The wah-wah audio effect is incredibly expressive. Its associated with whole genres of music, and it can be heard on many of the most influential funk, soul, jazz and rock recordings over the past 50 years.
Jimi Hendrix would sometimes use the wah-wah effect while leaving the pedal in a particular location, creating a unique filter effect that did not change over time. However, in ‘Voodoo Child (slight return)’, Hendrix muted the strummed strings while rocking the pedal, creating a percussive effect.
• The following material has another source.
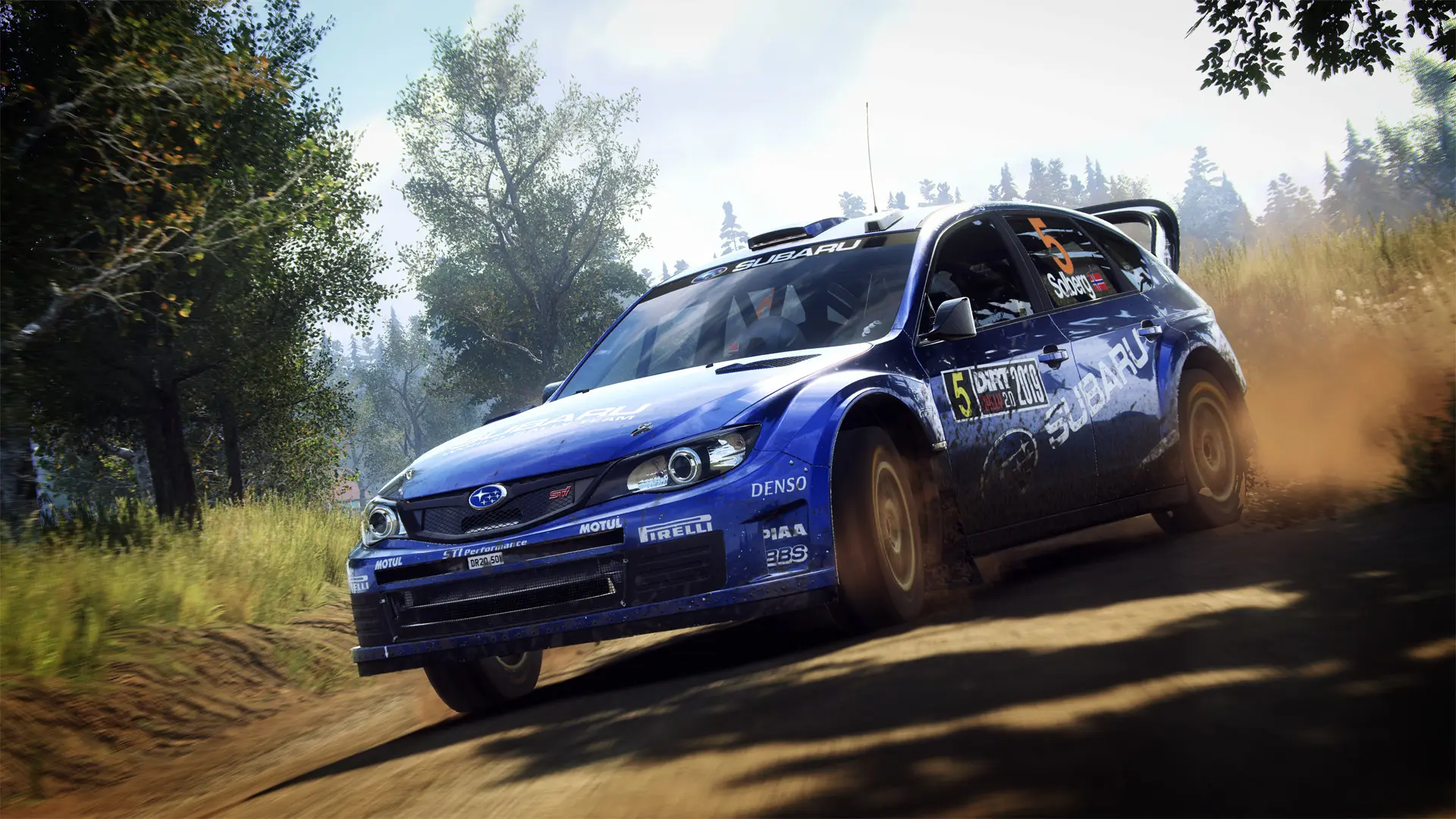 DIRT Rally 2.0 - PS4   for sale in Egypt from Games2Egypt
The sweeping of the wah-wah pedal is more dramatic in the louder versus and the chorus, emphasizing the song’s blues styling.
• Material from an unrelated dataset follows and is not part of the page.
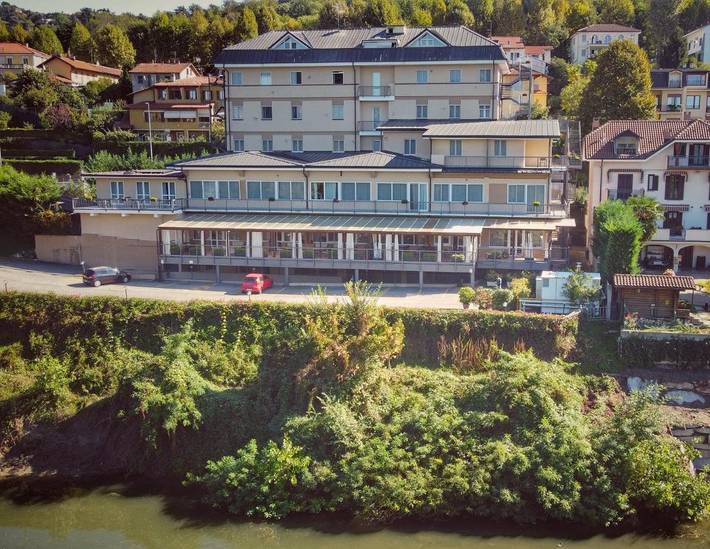 Hôtel pour 3 personnes, avec jardin à Moncalieri - 2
The ‘wacka-wacka’ sound that Hendrix created soon became a trademark of a whole subgenre of 1970s funk and soul. Melvin ‘Wah-Wah Watson’ Ragin, a highly respected Motown session musician, is renowned for his use of the wah-wah pedal, especially on The Temptations ‘Papa Was A Rolling Stone’. This distinctive ‘wacka-wacka’ funk style of soon became a feature of urban black crime dramas, such as in Isaac Hayes’ ‘Theme from Shaft,’ Bobby Womack’s score to ‘Across 110th Street’ and Curtis Mayfield’s ‘Superfly.’
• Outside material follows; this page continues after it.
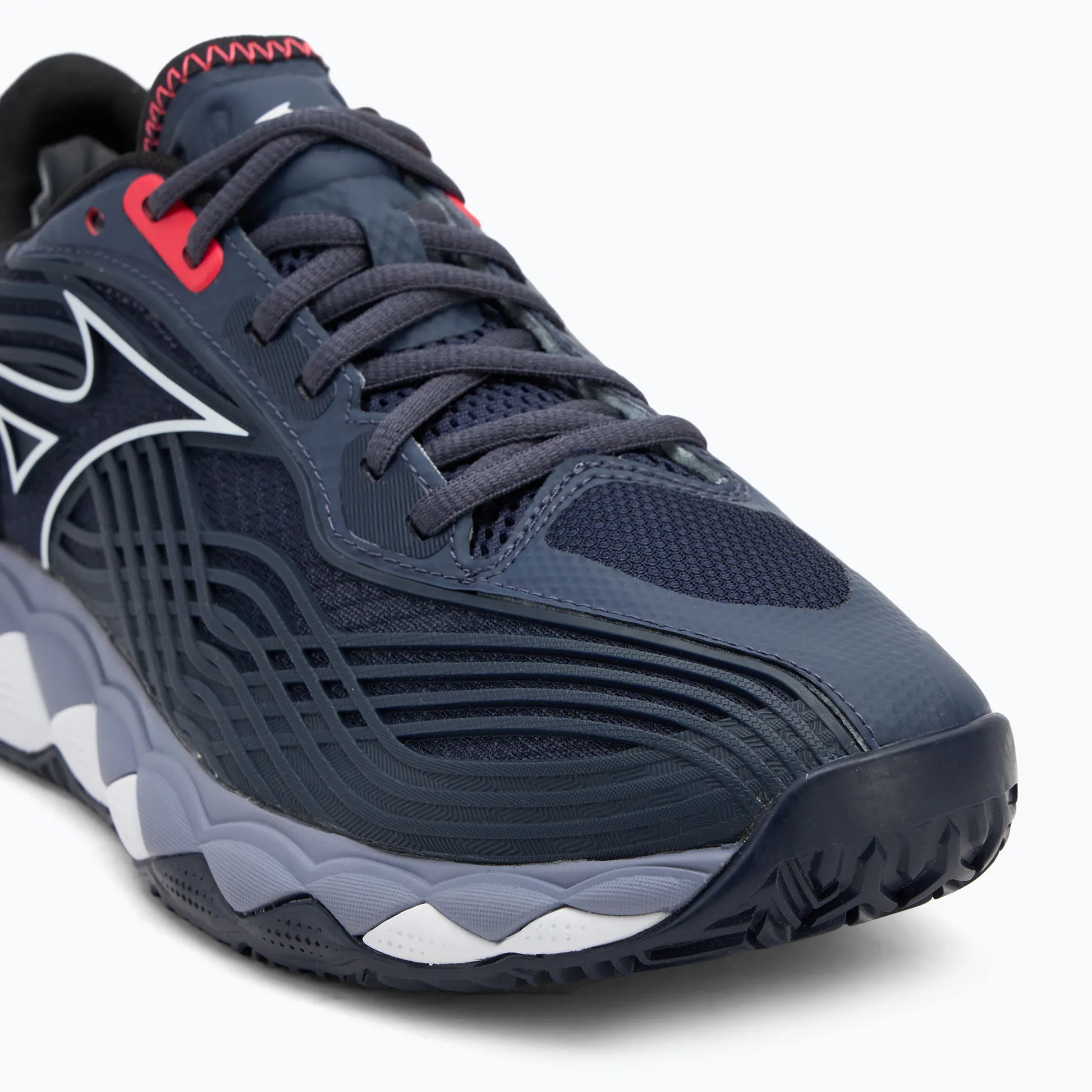 MIZUNO WAVE ENFORCE TOUR 2 DARK BLUE/GREY - Ravar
Another unusual use of the wah-wah pedal can be heard on the Pink Floyd song ‘Echoes.’ Here, screaming sounds were created by plugging in the pedal back to front, that is, the amplifier was connected to the input and he guitar was connected to the pedal’s output.
Of course, use of wah pedals is not reserved just to guitar. Bass players have used wah-wah pedals on well-known recordings (Michael Henderson playing with Miles Davis, Cliff Burton of Metallica, …). John Medeski and Garth Hudson use the pedals with Clavinets. Rick Wright employed a wah-wah pedal on a Wurlitzer electric piano on the Pink Floyd song ‘Money,’ and Dick Sims used it with a Hammond organ. Miles Davis’s ensembles used it to great extent, both on trumpet and on electric pianos. The wah-wah is frequently used by electric violinists, such as Boyd Tinsley of the Dave Matthews Band. Wah wah pedals applied to amplified saxophone also feature on albums by Frank Zappa and David Bowie.